YOGYAKARTA, suaramuhammadiyah.id– Sosok Buya Hamka dan Hasbi As-Sidqi, dikenal sebagai ulama-ulama yang mengkaji ilmu pengetahuan berbasis pada Al Qur’an. Kehadiran tokoh-tokoh ulama tersebut perlu dihidupkan kembali di masa kini, terutama oleh perguruan tinggi Islam, Muhammadiyah dan organisasi masyarakat (ormas) islam lainnya.

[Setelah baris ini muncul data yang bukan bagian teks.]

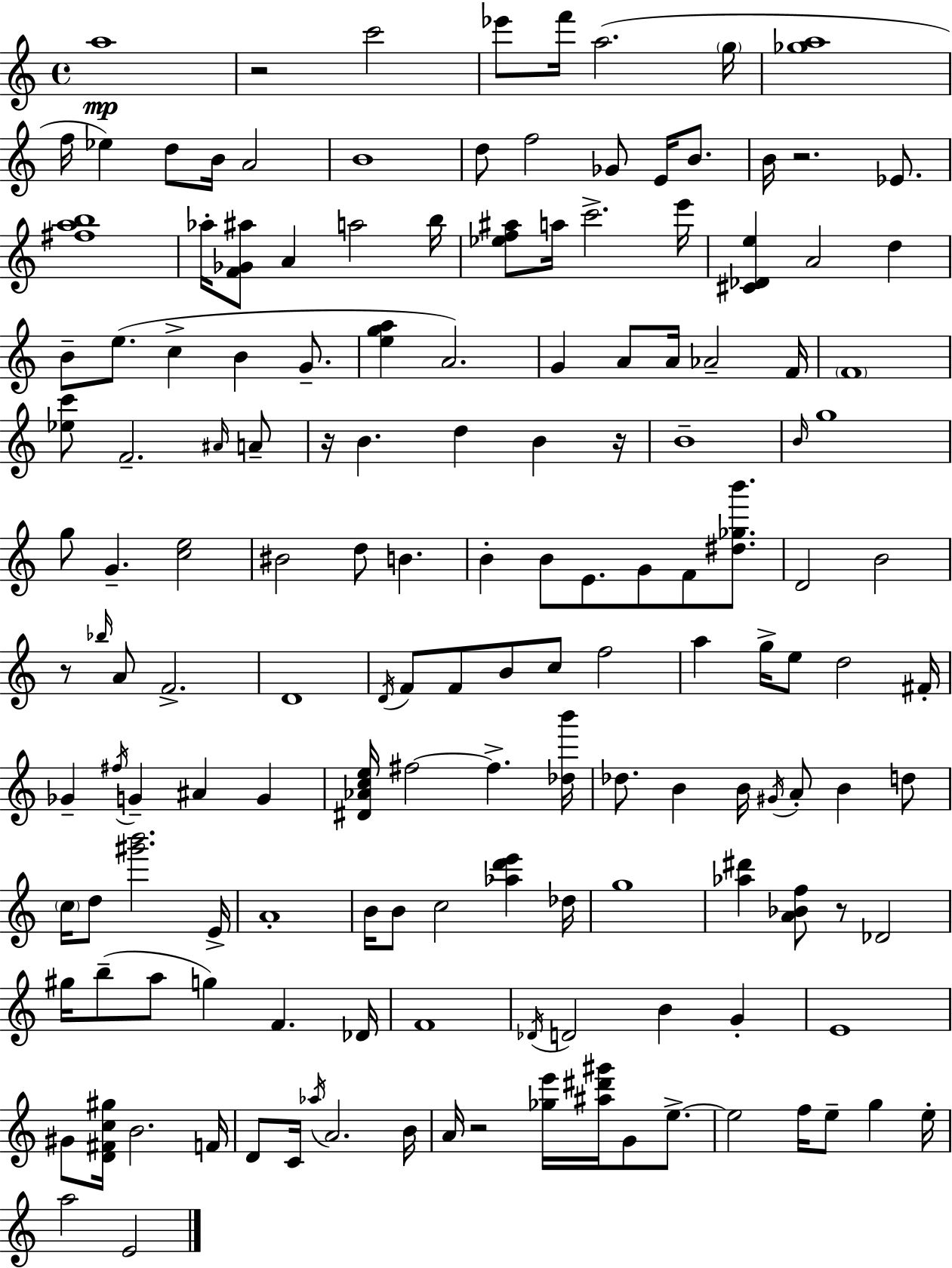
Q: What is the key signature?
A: C major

Hal tersebut dikemukakan oleh Menteri Agama Republik Indonesia, Lukman Hakim Saifuddin, dalam pembukaan Festival Al-Qur’an di Sportorium Universitas Muhammadiyah Yogyakarta pada Rabu (10/08). Lukman juga menyebutkan bahwa umat Islam harus selalu mengingat petuah “ar-ruju’ ilal Qur’an was-sunnah” (kembali kepada Al Qur’an dan Sunnah.”
“Al Qur’an hadir sebagai petunjuk bagi para ilmuwan untuk mendapatkan ide dan membuat teori. Sejarah mencatat bahwa para ilmuwan mengembangkan ilmu-ilmu baru dengan telaah dari Al Qur’an. Al Qur’an merupakan basis bagi ilmu yang akan memancarkan cakrawala,” ujar Lukman.

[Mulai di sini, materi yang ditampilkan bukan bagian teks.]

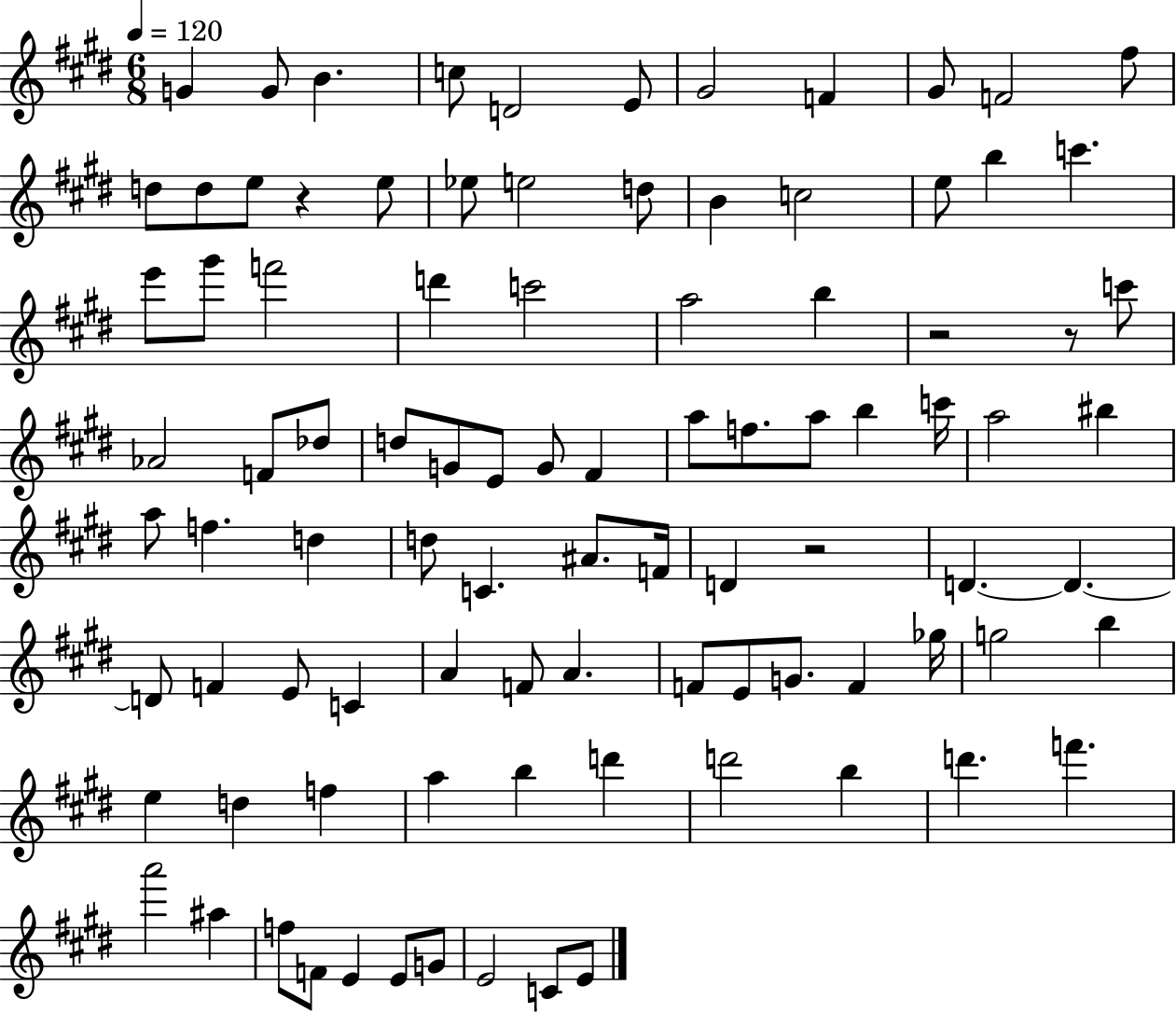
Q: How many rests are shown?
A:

Lukman juga menyebutkan bahwa Al Qur’an tampil memberikan inspirasi atau dorongan bagi kaum yang berfikir khususnya yang membangun ilmu pengetahuan bagi yang berijtihad. “Al-Qur’an tidak memberikan rumus-rumus ilmu pengetahuan secara detil supaya kita berijtihad mencari mutiara-mutiara ilmu yang belum ada selama ini,” terang Lukman.
Selain sebagai pedoman dalam ilmu pengetahuan, Al Qur’an disebut Lukman juga memiliki kandungan seni di dalamnya. Selain ayat-ayat yang memiliki susunan bahasa yang indah, cara membaca Al Qur’an yang indah dinilai dapat menjadi magnet dalam mengembangkan seni di masa mendatang.
Di samping itu, Lukman berharap bahwa dengan diadakannya Festival Al Qur’an dapat menumbuhkan semangat cinta terhadap Al Qur’an di kalangan umat Muslim di Indonesia. “Melihat dunia Islam di timur tengah yang saat ini sedang berkecamuk, Indonesia perlu mengambil peran signifikan yang dapat dijadikan model oleh masyarakat muslim di dunia ini,” terang Lukman.
Di akhir sambutannya, menteri Agama juga mengusulkan bahwa perlombaan dalam Festival Al Qur’an kedepannya tidak sekedar melombakan tilawatil Qur’an, syarhil Qur’an atau fahmil Qur’an saja. “Saya ingin kedepannya dilombakan bagaimana kisah-kisah dalam Al Qur’an bisa dinarasikan, dan diungkap kembali dengan cara tertentu. Mahasiswa kan kreatif, jadi mereka akan bisa mengisahkan kisah-kisah dalam Al Qur’an dengan cara mereka yang kreatif,” harap Lukman (bhp-deansa).